Untuk dapat menghentikan semua kengerian ini, tentu tidak dapat dilakukan oleh orang tua sendiri. Perlu penanganan sistemik yang dapat menyelesaikan persoalan ini dari akarnya. Sistem Islam yang berasaskan akidah Islam akan membina para orang tua dengan syaksiyah Islamiyah, sehingga menyadari bahwa kewajiban pada anak bukan hanya pemenuhan kebutuhan materi semata, tetapi pendidikan agama dan kepribadian menjadi fokus utama. 
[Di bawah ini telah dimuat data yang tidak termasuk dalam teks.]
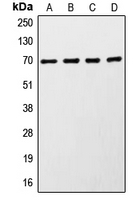 CPA2034-100ul - RPS6KB1 / STK14A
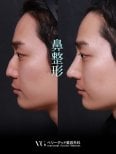 Resultados de rinoplastia antes y después en VG Plastic Surgery, perfil nasal mejorado en hombres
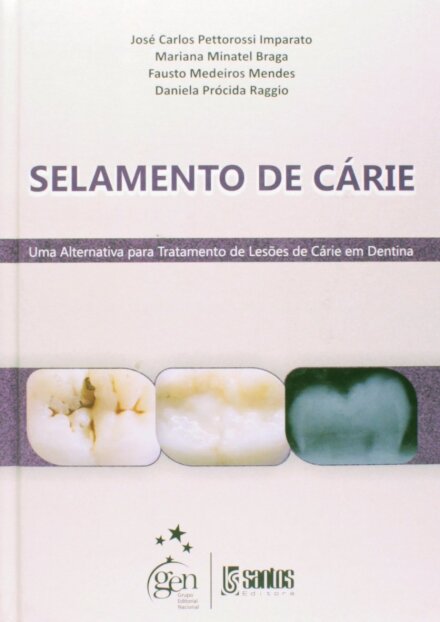 Selamento De Cárie Alternativa Para Tratamento Lesões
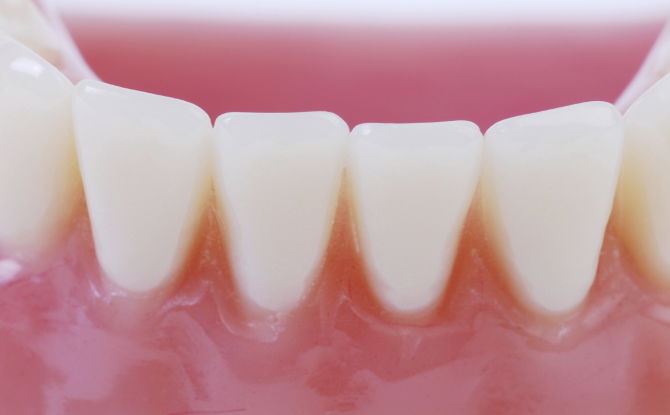 Akné v ústech na dásni nad zubem: možné příčiny, jak zacházet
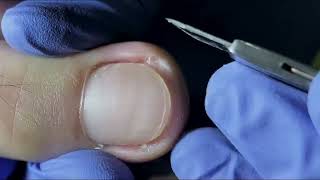 Ingrown Toenail Removal  Pedicure Treatment and Very Satisfying  Best Satisfying Nail Cutting [upl. by Akenaj]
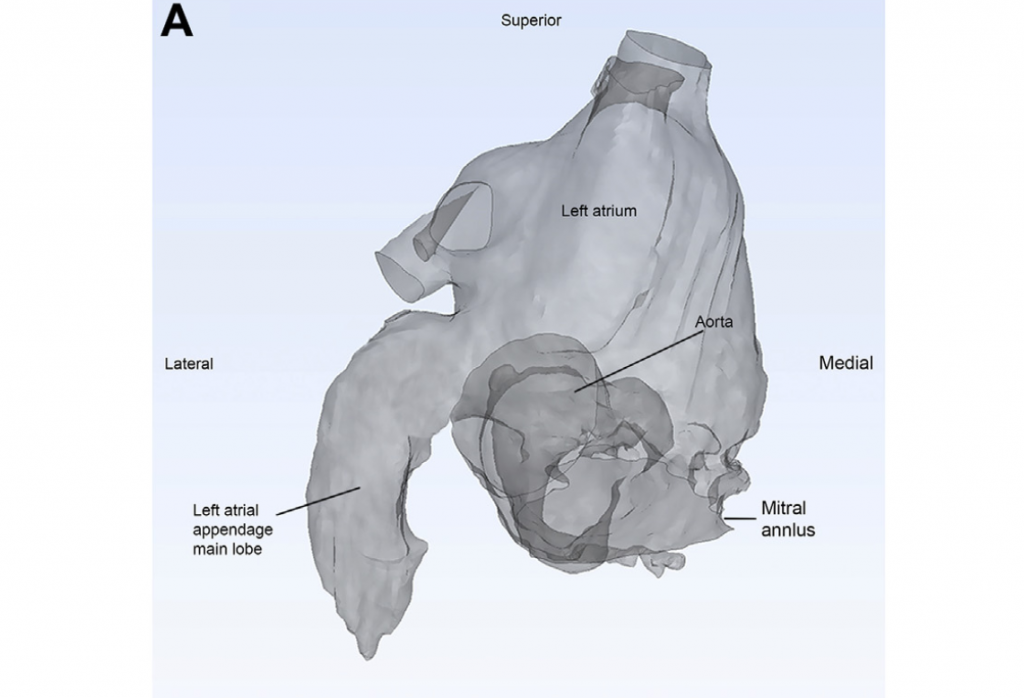 A 3D image of a heart via: Wang et al.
Sistem pendidikan dalam Islam juga akan membentuk anak-anak didik yang memiliki pola pikir dan pola sikap yang sesuai dengan Islam. Pendidikan gratis serta semua fasilitas penunjang yang disediakan oleh negara akan menjadi perpaduan sempurna dalam menghasilkan generasi yang beriman dan bertakwa. Kemudian yang tidak kalah penting juga, negara dalam sistem Islam memiliki aturan dalam sistem pergaulan, seperti wajibnya menutup aurat, larangan berzina, bercampur baur antara laki-laki dan perempuan menjadi faktor penting dalam mencegah timbulnya perbuatan kriminal pada anak. Selain itu, sanksi yang diterapkan dalam sistem Islam akan dapat menimbulkan efek jera sehingga dapat mencegah munculnya pelaku-pelaku lainnya.


Sudah terbukti bahwa Islam pernah menghasilkan generasi muda yang cemerlang, salah satunya Muhammad Al Fatih yang diangkat menjadi Sultan pada usia 12 tahun dan setelah itu terus membina dirinya dengan pola pikir dan pola sikap Islam, sehingga pada usia 21 tahun dapat menaklukan Konstantinopel. Oleh karena itu, tidak ada solusi yang dapat menyelesaikan problematika perilaku kriminal pada anak selain diterapkannya sistem Islam yang mencakup seluruh aspek kehidupan.